NBC will most likely allow regional access like the BBC, so because you have an non US IP address you will be blocked from these services.
There is a way around this and the is to sign up to a proxy server that has US IP addresses.


----------



## elrasho

GM1 said:


> you can download (save it to your harddrive) these shows by using the program Utorrent Download - Torrent - a (very) tiny BitTorrent client and then download the torrent file from: http://www.demonoid.com or Download music, movies, games, software! The Pirate Bay - The world's most resilient BitTorrent site or http://isohunt.com/ or private trackers (you have to be a member)
> Check here: HowStuffWorks "Search" how this works.
> Good luck!
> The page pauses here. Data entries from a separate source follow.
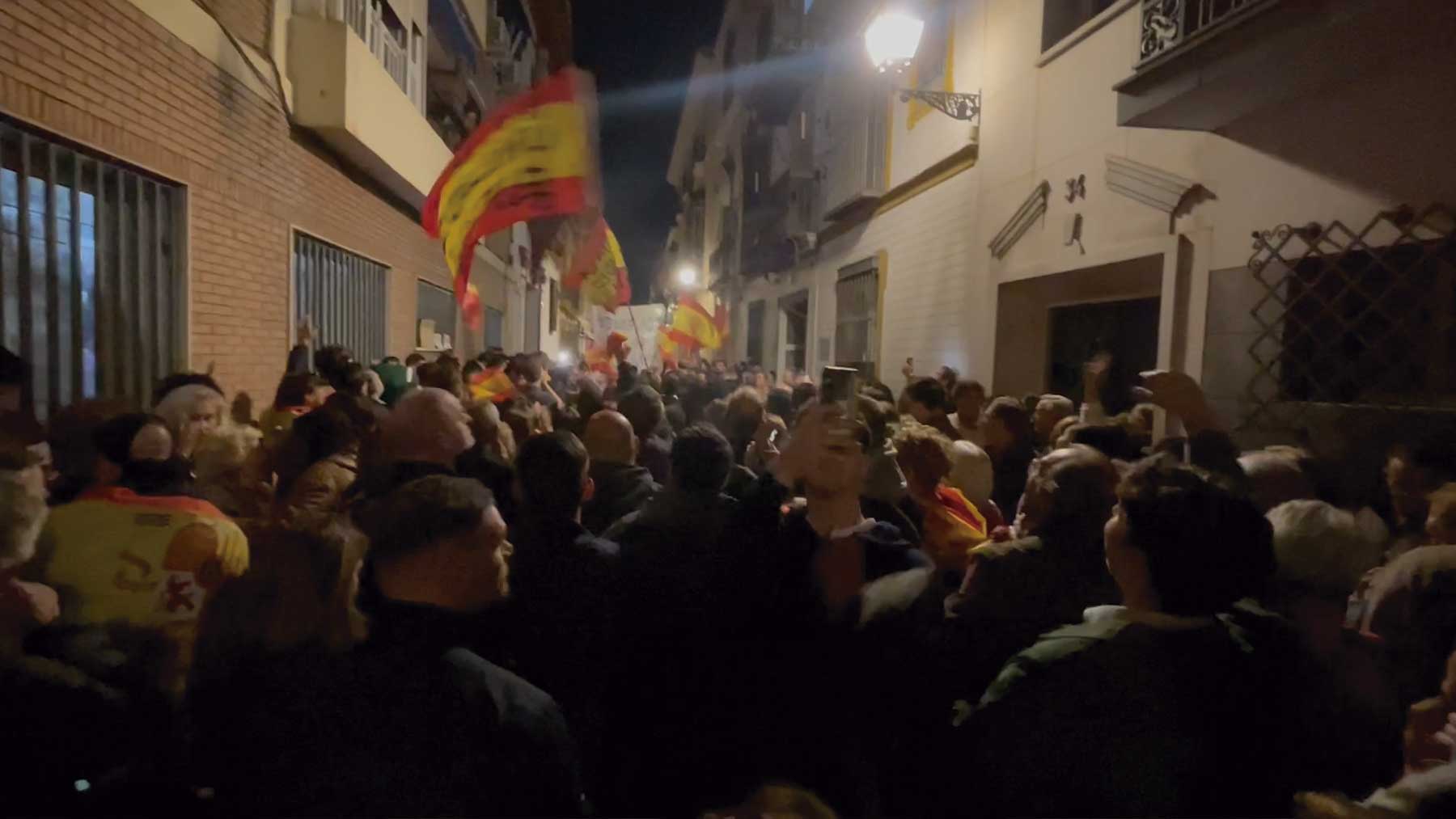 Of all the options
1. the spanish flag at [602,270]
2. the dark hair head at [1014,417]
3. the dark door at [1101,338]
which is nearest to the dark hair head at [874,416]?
the dark hair head at [1014,417]

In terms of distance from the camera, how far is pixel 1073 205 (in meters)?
7.94

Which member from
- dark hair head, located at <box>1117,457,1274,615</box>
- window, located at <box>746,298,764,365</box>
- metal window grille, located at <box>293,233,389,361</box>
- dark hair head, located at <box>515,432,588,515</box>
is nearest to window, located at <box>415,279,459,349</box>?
metal window grille, located at <box>293,233,389,361</box>

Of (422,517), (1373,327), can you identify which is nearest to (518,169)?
(422,517)

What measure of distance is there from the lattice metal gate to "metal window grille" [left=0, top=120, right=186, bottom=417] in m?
7.01

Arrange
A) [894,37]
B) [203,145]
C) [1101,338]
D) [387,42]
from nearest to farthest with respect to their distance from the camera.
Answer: [203,145] < [894,37] < [1101,338] < [387,42]

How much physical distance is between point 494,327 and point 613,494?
1784 cm

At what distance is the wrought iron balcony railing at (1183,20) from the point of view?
4941mm

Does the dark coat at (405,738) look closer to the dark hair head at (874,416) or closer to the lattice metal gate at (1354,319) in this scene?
the dark hair head at (874,416)

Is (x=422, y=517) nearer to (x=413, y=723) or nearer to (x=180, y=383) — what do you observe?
(x=413, y=723)

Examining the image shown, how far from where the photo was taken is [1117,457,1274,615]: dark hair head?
193cm

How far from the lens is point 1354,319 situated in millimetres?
5160

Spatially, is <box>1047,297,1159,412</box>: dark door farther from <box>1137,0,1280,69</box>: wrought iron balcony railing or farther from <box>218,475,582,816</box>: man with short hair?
<box>218,475,582,816</box>: man with short hair

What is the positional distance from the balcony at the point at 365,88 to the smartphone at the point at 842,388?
5510mm

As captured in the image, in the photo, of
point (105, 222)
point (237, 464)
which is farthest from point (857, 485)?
point (105, 222) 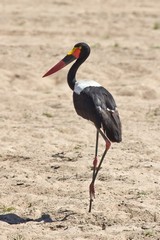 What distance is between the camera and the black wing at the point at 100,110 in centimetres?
725

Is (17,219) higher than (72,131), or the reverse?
(17,219)

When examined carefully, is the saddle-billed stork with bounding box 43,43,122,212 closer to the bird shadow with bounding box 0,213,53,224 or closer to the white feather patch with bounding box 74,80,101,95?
the white feather patch with bounding box 74,80,101,95

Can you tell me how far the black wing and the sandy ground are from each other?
2.48 ft

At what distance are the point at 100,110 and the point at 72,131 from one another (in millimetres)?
2696

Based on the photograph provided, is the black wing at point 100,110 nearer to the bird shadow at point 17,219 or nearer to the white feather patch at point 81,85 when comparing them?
the white feather patch at point 81,85

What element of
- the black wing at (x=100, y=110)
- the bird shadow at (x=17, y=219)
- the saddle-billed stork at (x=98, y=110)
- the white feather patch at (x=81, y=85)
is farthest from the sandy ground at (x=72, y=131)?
the white feather patch at (x=81, y=85)

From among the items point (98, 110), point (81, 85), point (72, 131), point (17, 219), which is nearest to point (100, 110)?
point (98, 110)

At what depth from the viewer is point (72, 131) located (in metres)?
10.0

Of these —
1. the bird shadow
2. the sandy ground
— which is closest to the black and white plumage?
the sandy ground

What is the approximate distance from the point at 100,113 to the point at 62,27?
9.54 m

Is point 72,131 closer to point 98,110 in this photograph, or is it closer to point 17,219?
point 98,110

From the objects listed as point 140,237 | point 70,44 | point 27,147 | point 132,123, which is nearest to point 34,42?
point 70,44

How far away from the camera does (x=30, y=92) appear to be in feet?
39.7

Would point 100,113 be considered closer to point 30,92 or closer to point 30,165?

We always download: NCIS, Ghost Whisperer etc.


Mind you it will take ages to download using torrents on an 2mb broadbband line


----------



## DeadGuy

elrasho said:


> Mind you it will take ages to download using torrents on an 2mb broadbband line


I agree.....

The best suggestion for you was NZCowboy's, with all respect to other opinions of course, but downloading something online in here can be a really slow painful process, just like driving somewhere!!

There are many softwares that can change your proxy to an American one, but beware that it does cause connections to run a bit slower than usual, won't be a problem if you're on a land line-router based connection though.

Good luck


----------



## GM1

If you download popular torrents, they can go as fast as the speed of your connection, we have a 1mb connection and it is okay, but we are used to it. A movie (700mb) takes a few hours.


----------



## DeadGuy

GM1 said:


> If you download popular torrents, they can go as fast as the speed of your connection, we have a 1mb connection and it is okay, but we are used to it. A movie (700mb) takes a few hours.


Hi there,

The main problem with internet connections in here is stability, I dunno what kinda ISPs you're getting your connections from, but for my friends and I (We're using different ISPs) our main problem is stability! One minute you have a super high speed connection, the other minute you're COMPLETELY offline!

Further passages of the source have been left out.